* _WORKING DATA_
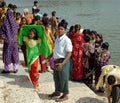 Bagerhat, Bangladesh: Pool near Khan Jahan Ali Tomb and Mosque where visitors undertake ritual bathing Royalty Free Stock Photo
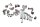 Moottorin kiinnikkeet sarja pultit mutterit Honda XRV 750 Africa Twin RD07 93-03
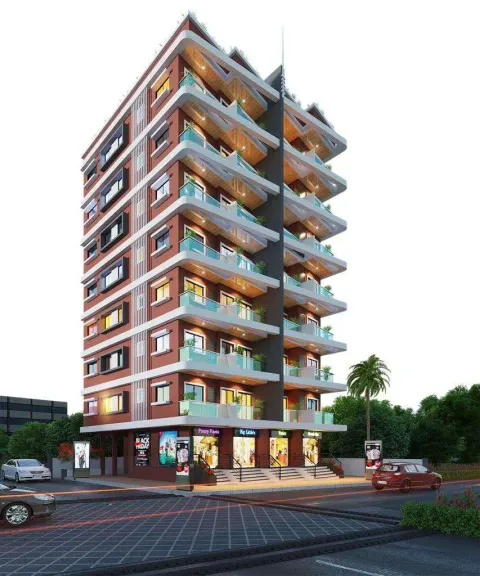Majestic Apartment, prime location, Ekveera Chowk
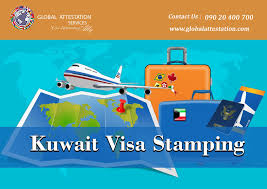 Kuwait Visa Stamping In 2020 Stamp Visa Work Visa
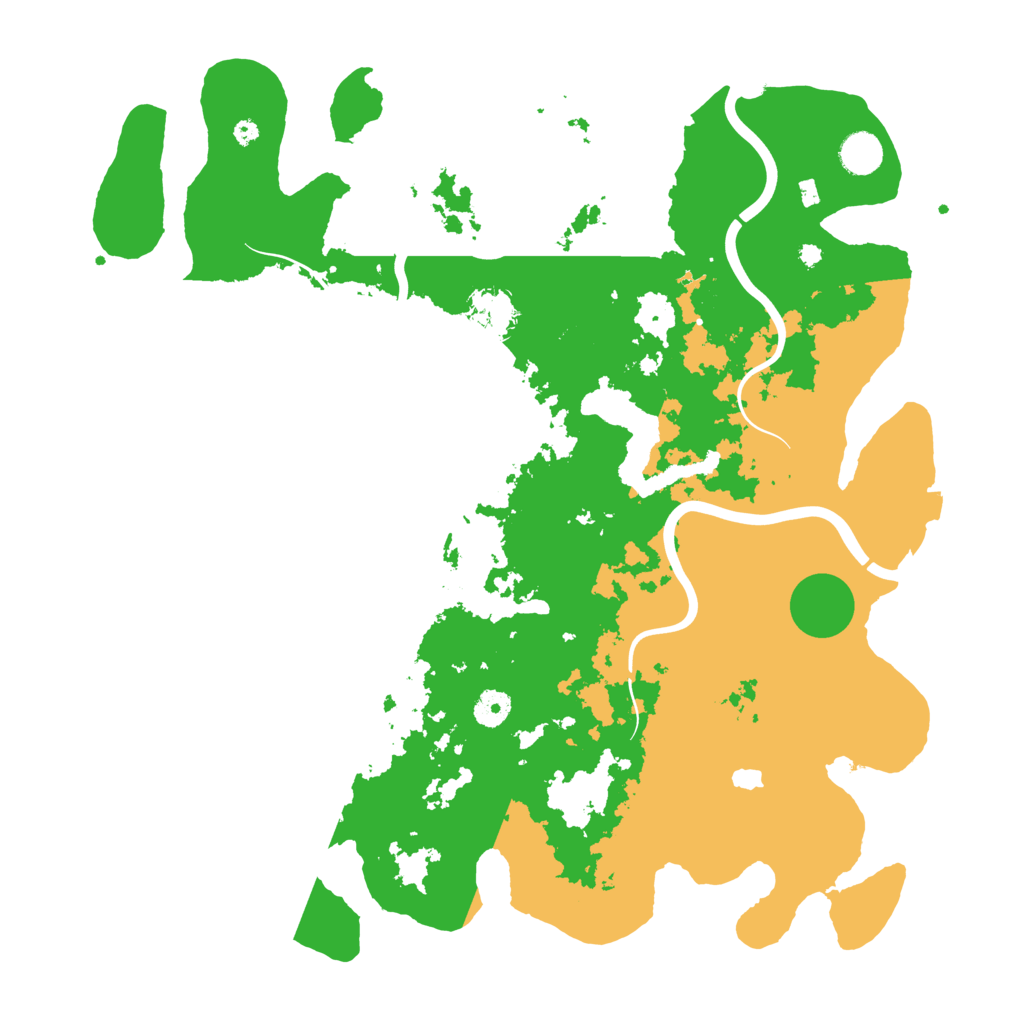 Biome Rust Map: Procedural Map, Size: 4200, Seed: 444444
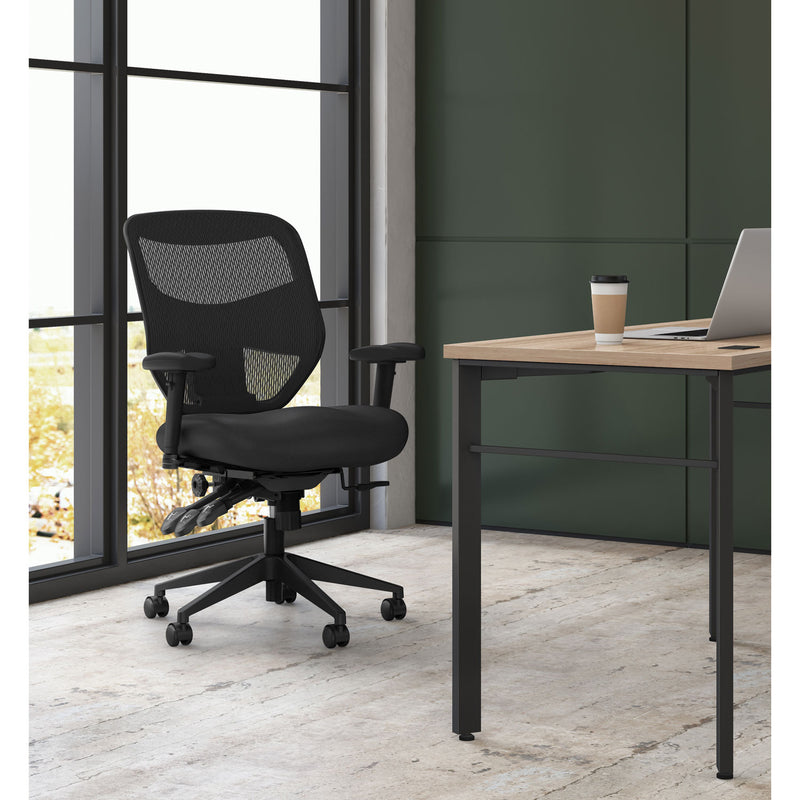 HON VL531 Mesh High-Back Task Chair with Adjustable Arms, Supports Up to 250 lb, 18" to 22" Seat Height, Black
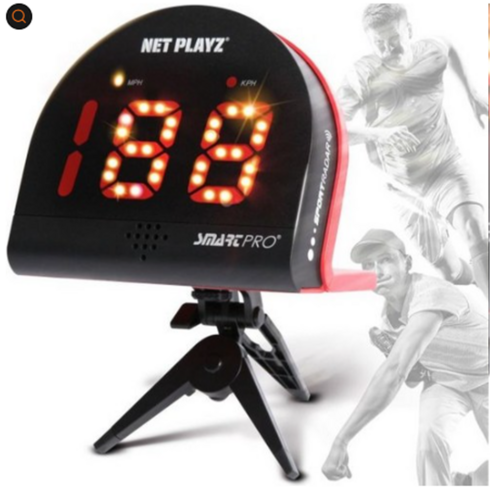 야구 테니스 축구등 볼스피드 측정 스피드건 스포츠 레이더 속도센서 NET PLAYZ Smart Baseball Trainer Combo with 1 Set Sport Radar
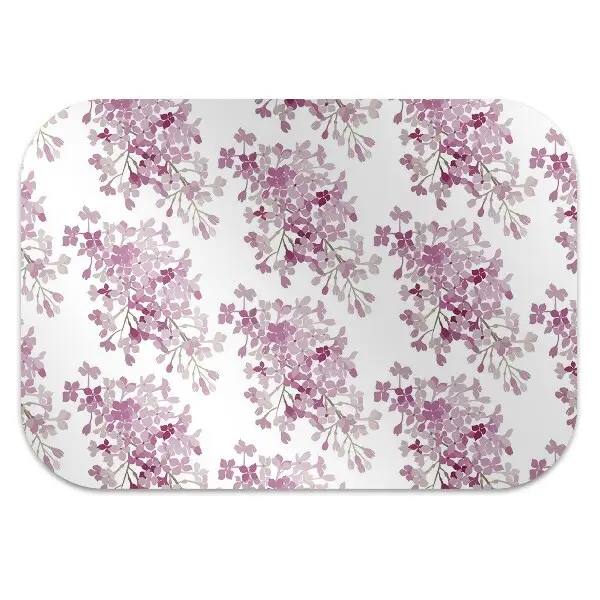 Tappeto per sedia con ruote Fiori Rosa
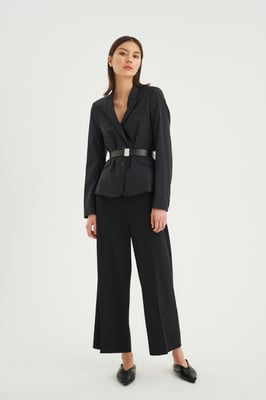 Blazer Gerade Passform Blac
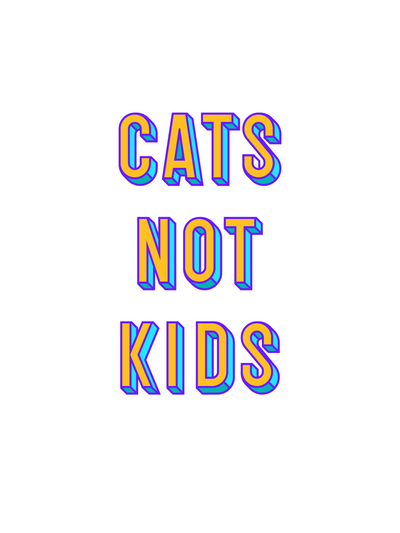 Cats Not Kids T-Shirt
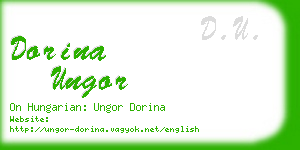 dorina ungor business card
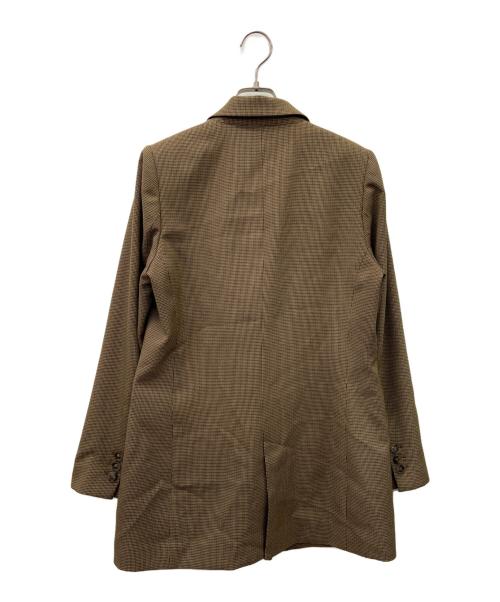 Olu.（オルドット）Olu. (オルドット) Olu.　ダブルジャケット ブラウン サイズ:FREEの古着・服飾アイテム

---

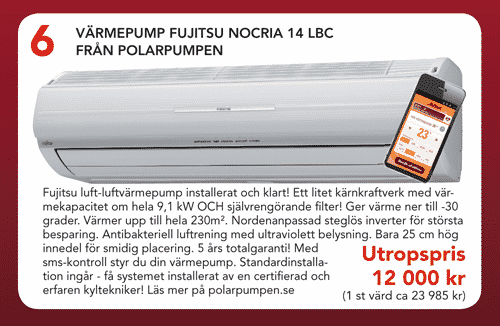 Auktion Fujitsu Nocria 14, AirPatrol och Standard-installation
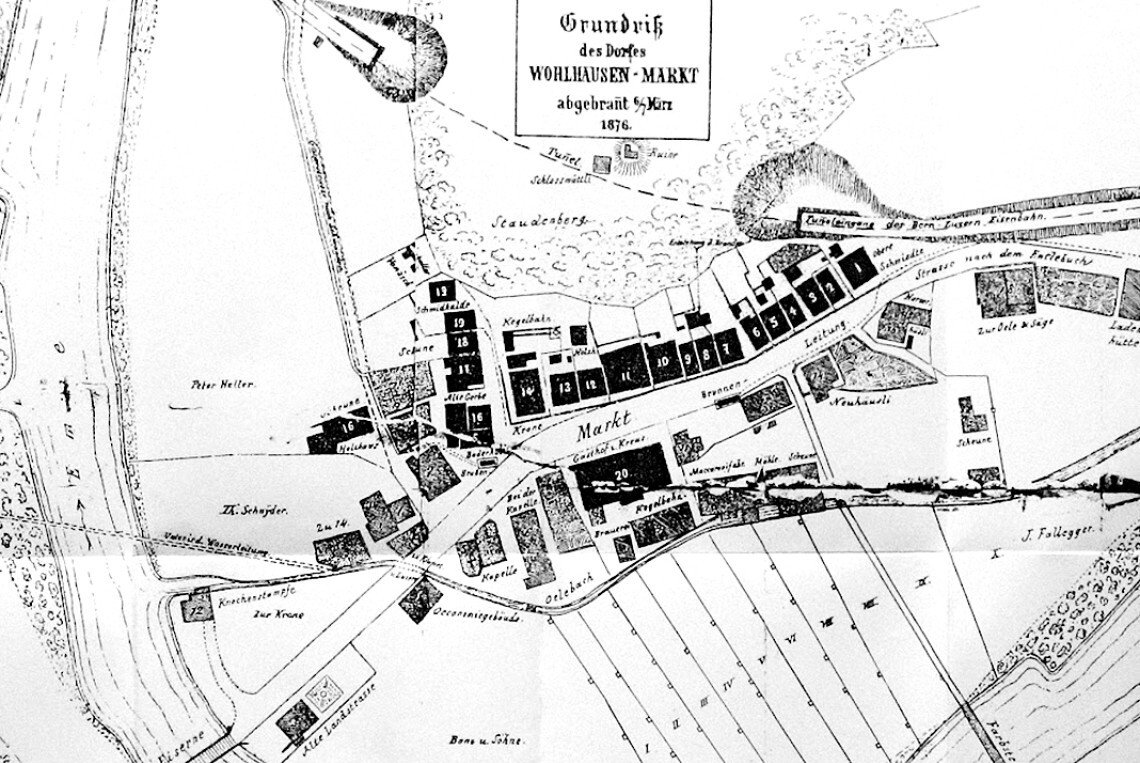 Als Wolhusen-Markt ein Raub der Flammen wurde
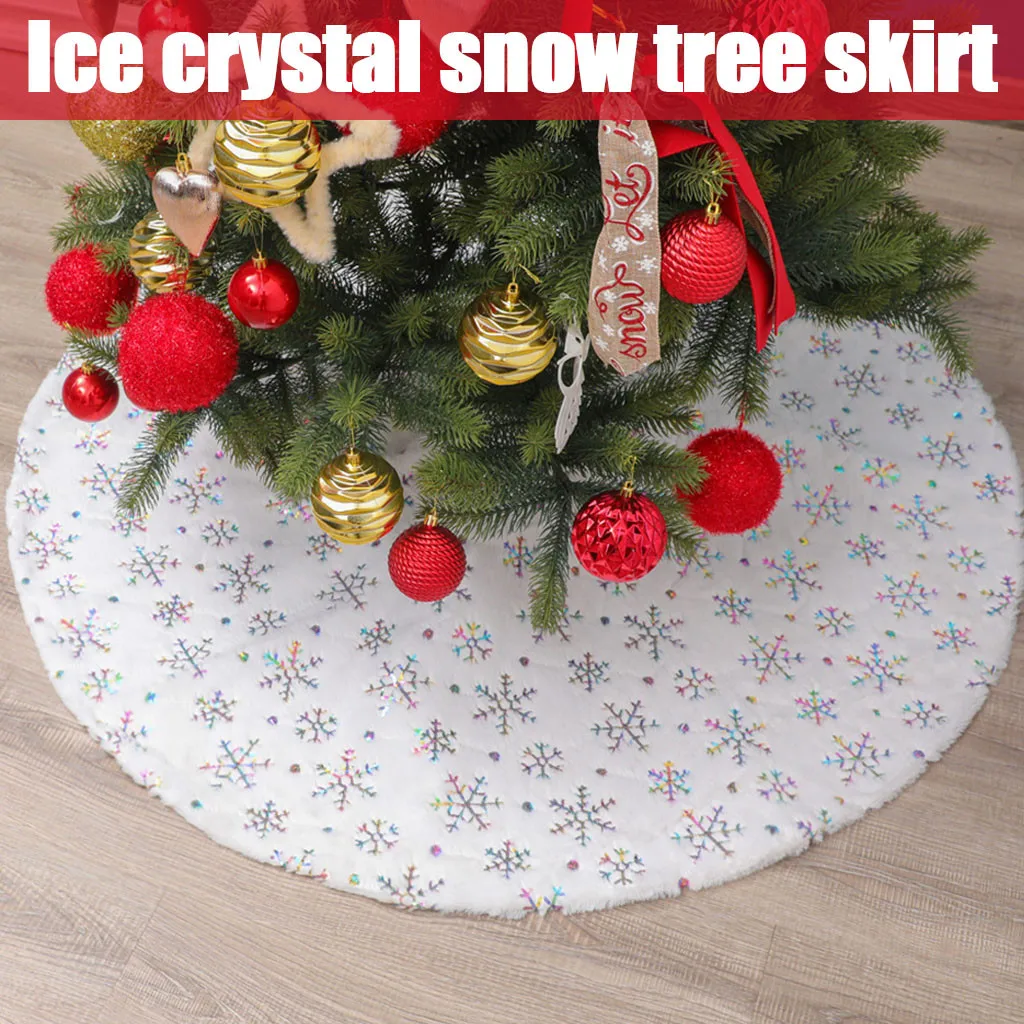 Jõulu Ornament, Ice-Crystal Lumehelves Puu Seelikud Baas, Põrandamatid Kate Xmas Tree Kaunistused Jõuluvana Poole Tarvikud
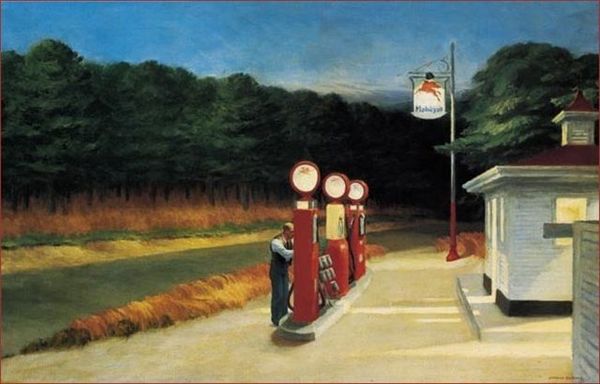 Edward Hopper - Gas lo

* _AIM OF THE TASK_
Return, exactly as they stand, the lines above from the one with "dorina ungor business card" to the one with "Olu.（オルドット）Olu. (オルドット) Olu.　ダブルジャケット", omitting any pictures among them.

* _SOLUTION TO THIS EXERCISE_
 dorina ungor business card
 Olu.（オルドット）Olu. (オルドット) Olu.　ダブルジャケット ブラウン サイズ:FREEの古着・服飾アイテム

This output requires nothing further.